Polcom AI as a Service
The AIaaS service provided as part of the Polcom AI Cloud facilitates the deployment of open language models using a specially optimised and dedicated IT infrastructure. This means that AI models can be deployed and scaled without the need for management of the hardware, system and operational layers.
AIaaS for organisations requiring control over data, models and costs
This service has been developed for organisations that wish to take advantage of the capabilities of generative AI, but want greater control over their data, models, runtime environment and costs. AIaaS can be used for a variety of purposes, including the development of AI assistants, chatbots, document analysis tools, process automation, content classification and the integration of language models with business applications.
Access to the service is provided in accordance with the OpenAI API standard. This facilitates integration with existing applications, tools and processes, whilst allowing for greater independence from public services offered by global providers.
Data privacy and sovereignty in AIaaS
In generative AI projects, it is particularly important to consider what happens to prompts, model responses, company documents and the data used in the inference process. Polcom AI Cloud has been designed to enable organisations to develop their own AI capabilities without unnecessarily increasing the risk of confidential business information being leaked.
The infrastructure located in Poland ensures data isolation and enables computing processes to be carried out in an environment separate from the public models of external providers.
Key principles
- No processing of prompts outside the service – query content is not analysed or stored for any purpose other than the execution of the computing session.
- No training of models on customer data – Polcom does not use customer data to train its own or public language models.

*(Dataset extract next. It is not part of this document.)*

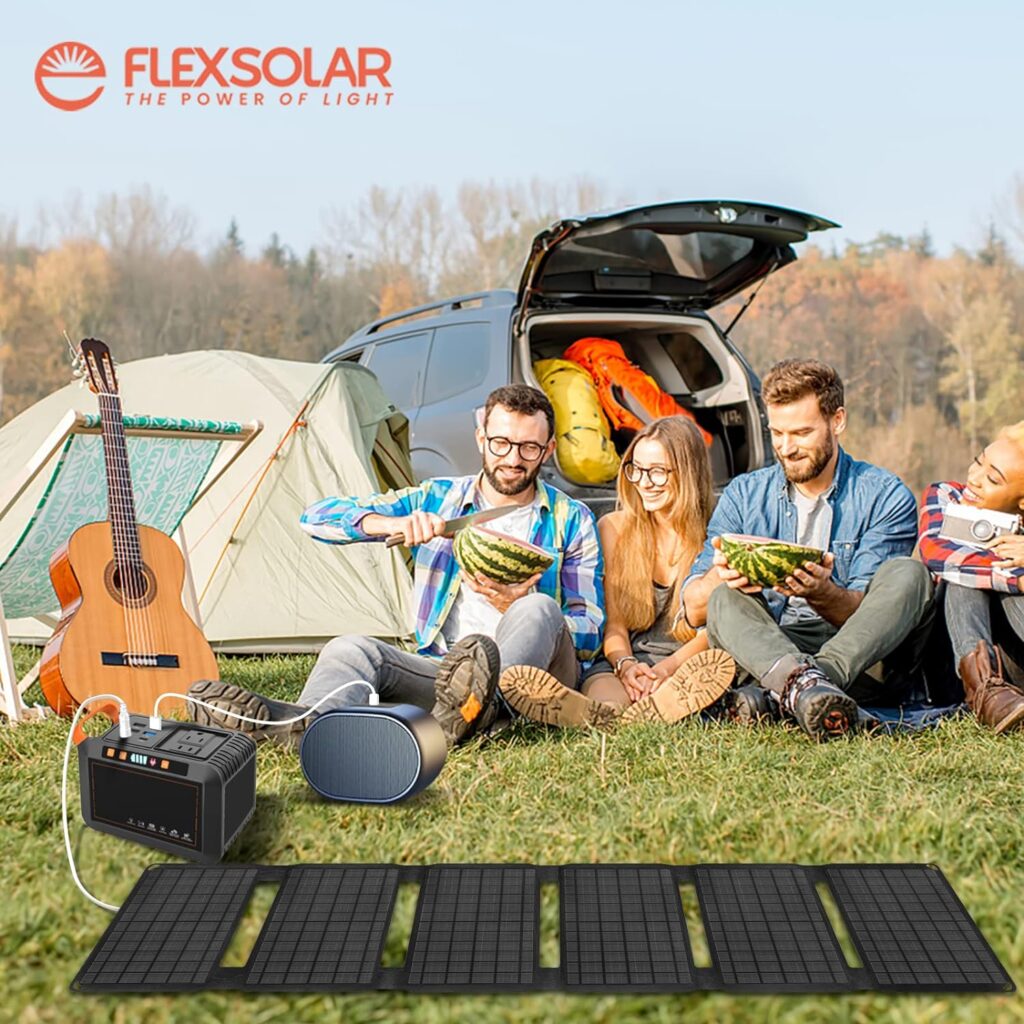 FlexSolar 40W Solar Chargers USB-A QC3.0 18W USB-C DC 40W Outputs Power Emergency ETFE Panels Foldable IP67 Waterproof Camping Backpacking Hiking for Phones Power Banks Tablets Small Power Station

- Resource isolation – operations can take place within a sovereign Polish cloud infrastructure.
- Dedicated endpoints – organisations can reduce their reliance on public models and environments where the location and method of data processing are more difficult to verify.
This approach supports companies wishing to implement AI in areas requiring caution, such as the analysis of internal documents, the handling of personal data, and work involving technical, financial, medical, legal or strategic documentation.

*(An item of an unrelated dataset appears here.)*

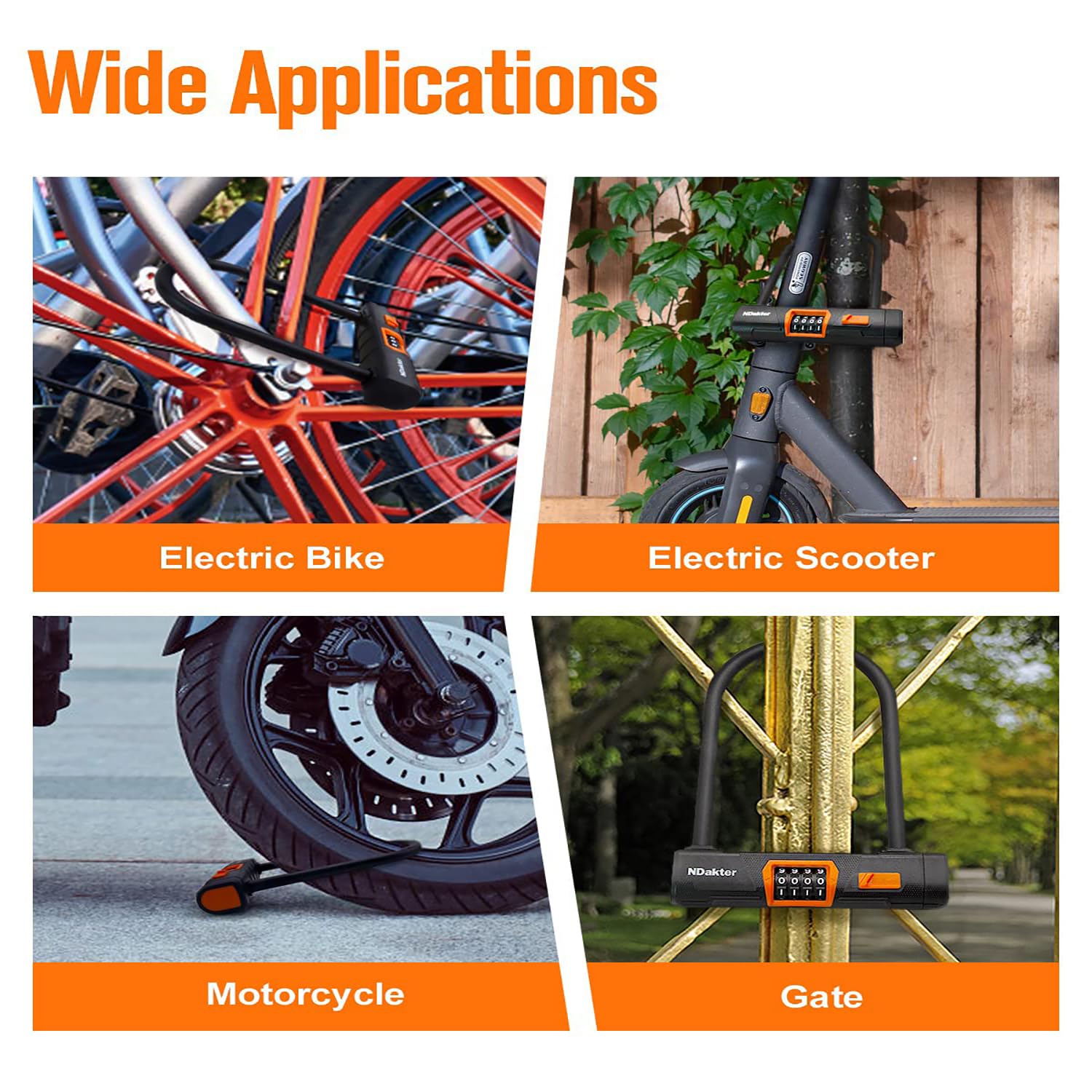 NDakter Bike Locks Heavy Duty Anti Theft, Combo Bike U Lock, 4-Digit Resettable Combination Bicycle Lock, Large U Shaped Ebike Lock with 5Ft Steel Cable for Electric Bike, Escooter, Motorcycle,Door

Customisation and parameterisation of AI models
AIaaS allows the model’s runtime environment to be tailored to a specific use case. This allows organisations to better control performance, costs, context length, model type and query handling.
Configuration options:
- Model configuration – selection of architecture, model size, quantisation type and context window length.
- Performance optimisation – setting parameters such as KV Cache size, dtype and additional flags specific to selected models.
- Bring Your Own Model – the ability to run any open-source model supported by vLLM, including models that have been fine-tuned, e.g. using the LoRA method.